(Entries supplied Opens)

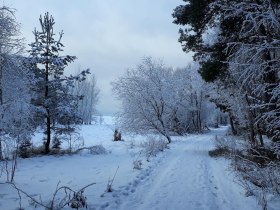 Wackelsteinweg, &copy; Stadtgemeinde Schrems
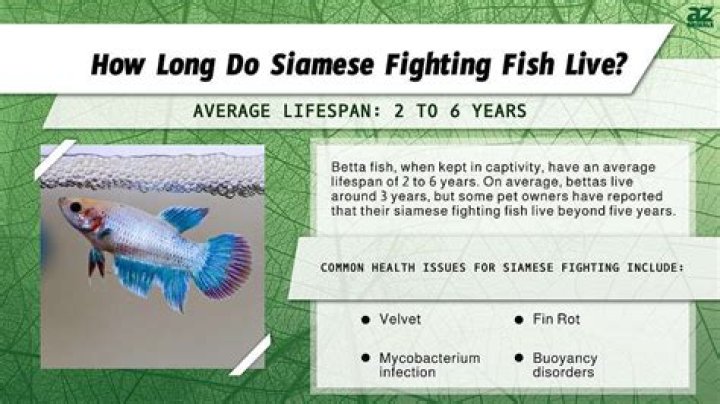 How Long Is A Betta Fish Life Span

(Entries supplied Closes)
(Entries supplied Opens)

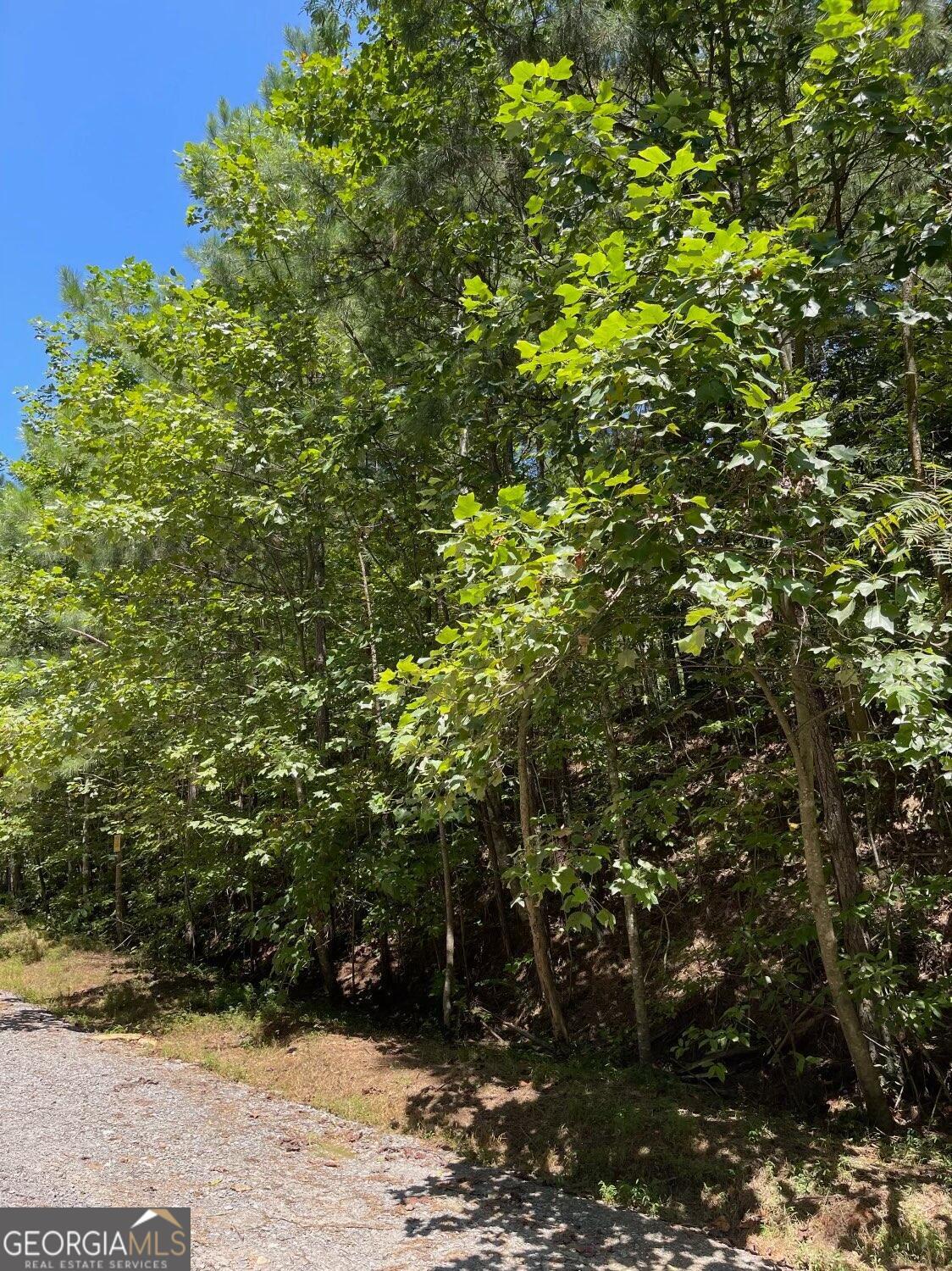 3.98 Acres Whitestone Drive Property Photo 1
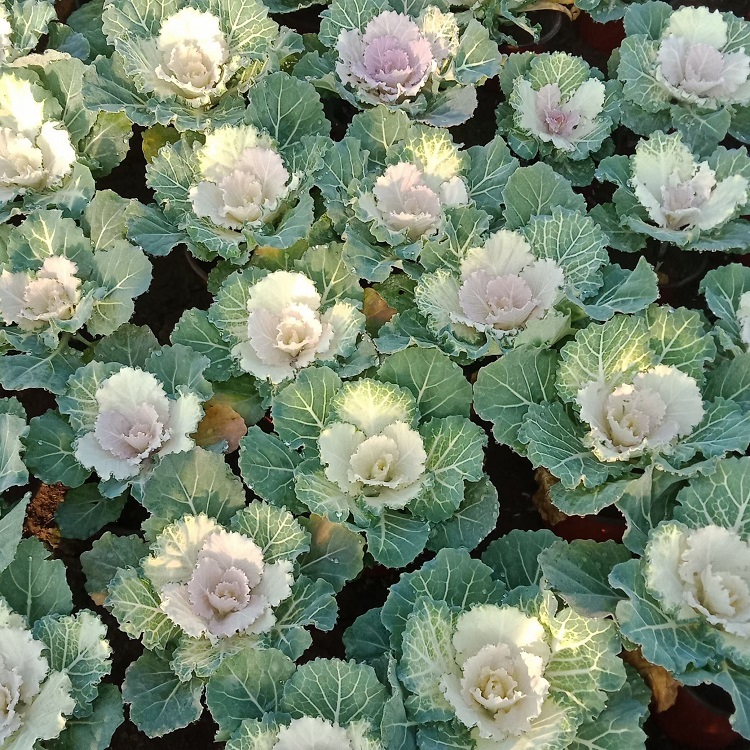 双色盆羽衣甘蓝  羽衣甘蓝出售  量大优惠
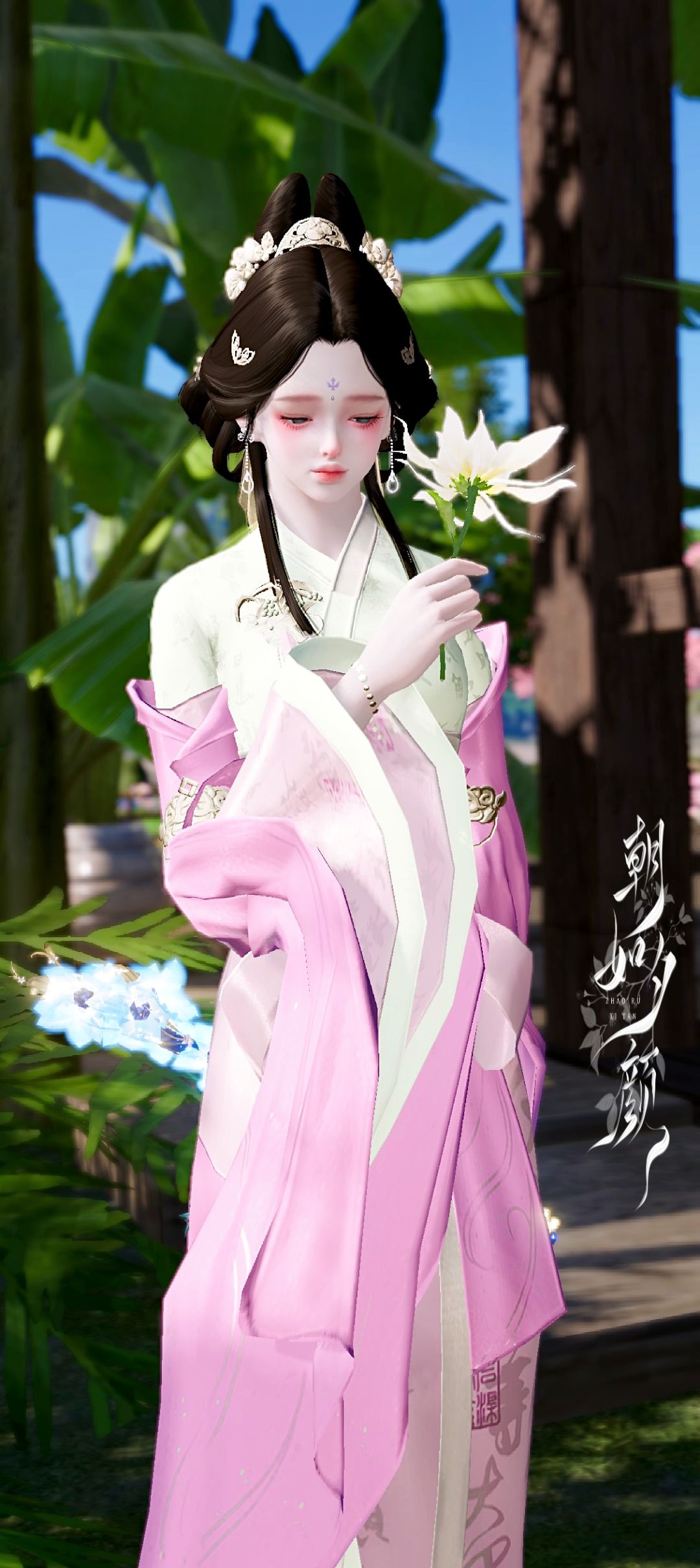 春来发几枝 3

(Entries supplied Closes)
(Entries supplied Opens)

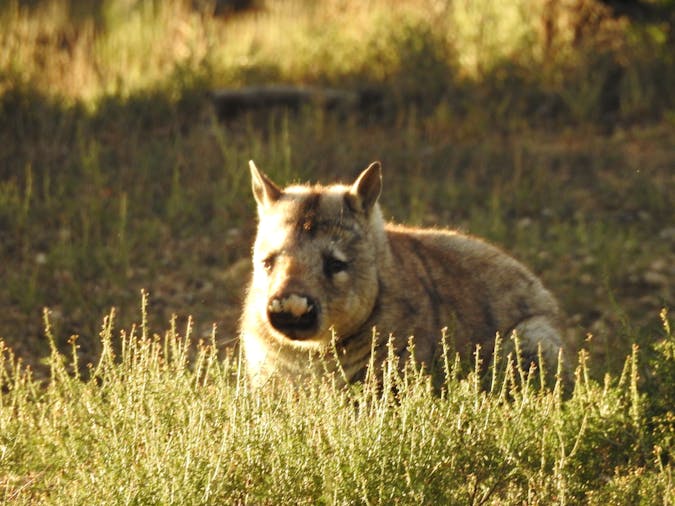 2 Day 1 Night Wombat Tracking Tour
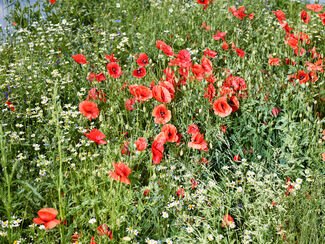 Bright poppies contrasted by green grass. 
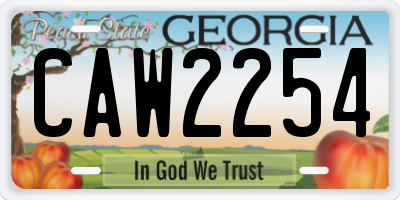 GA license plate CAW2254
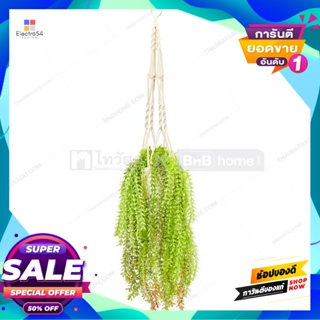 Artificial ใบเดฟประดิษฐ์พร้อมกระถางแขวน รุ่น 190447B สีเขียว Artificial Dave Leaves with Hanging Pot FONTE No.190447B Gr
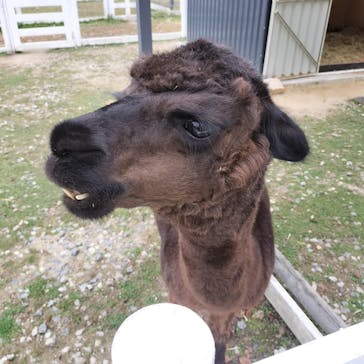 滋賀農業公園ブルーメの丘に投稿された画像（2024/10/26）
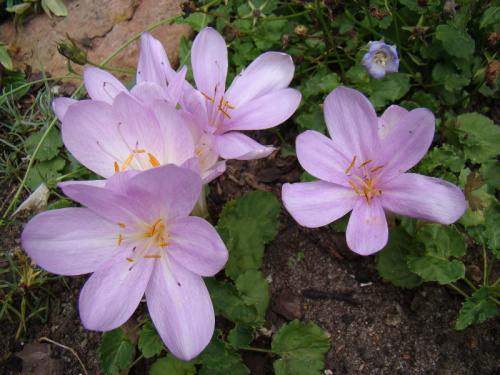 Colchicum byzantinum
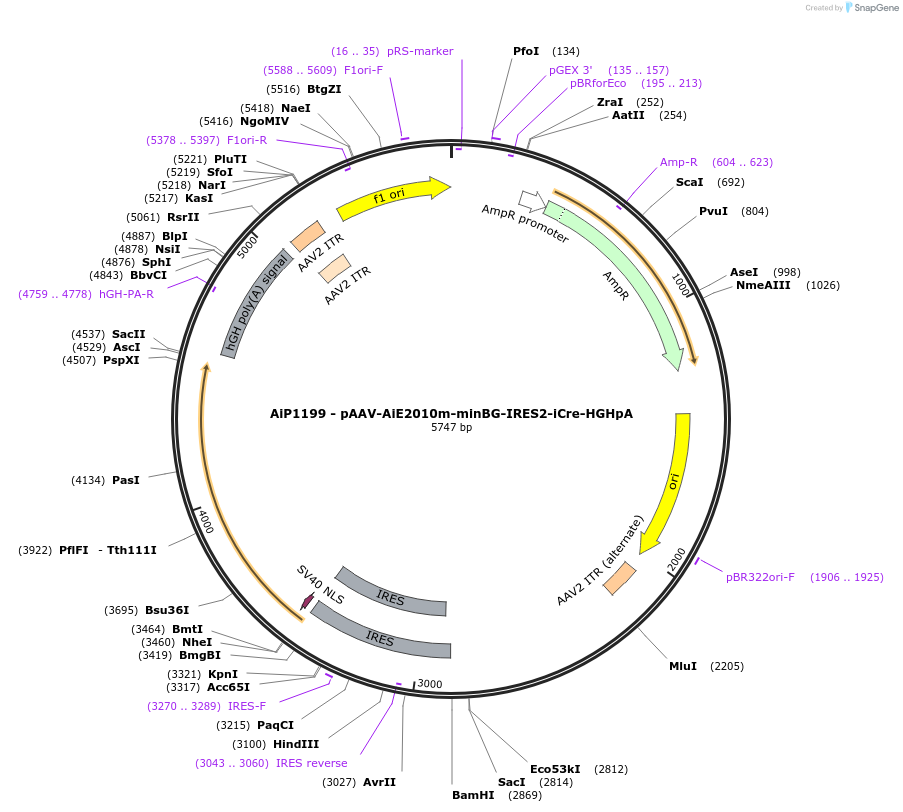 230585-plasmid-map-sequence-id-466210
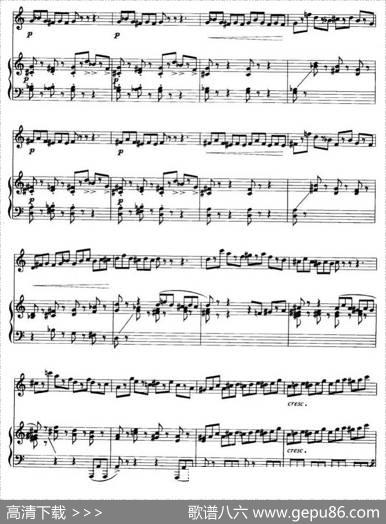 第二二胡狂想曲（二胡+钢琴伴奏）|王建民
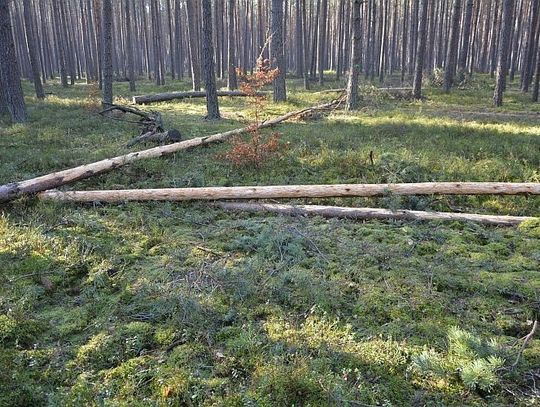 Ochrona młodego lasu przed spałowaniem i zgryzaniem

(Entries supplied Closes)

> **Required action**
In the data above, the stretch from the line with "滋賀農業公園ブルーメの丘に投稿された画像（2024/10/26）" through the line with "Ochrona młodego lasu" is to be returned exactly, minus any pictures.

> **Answer box**
 滋賀農業公園ブルーメの丘に投稿された画像（2024/10/26）
 Colchicum byzantinum
 230585-plasmid-map-sequence-id-466210
 第二二胡狂想曲（二胡+钢琴伴奏）|王建民
 Ochrona młodego lasu przed spałowaniem i zgryzaniem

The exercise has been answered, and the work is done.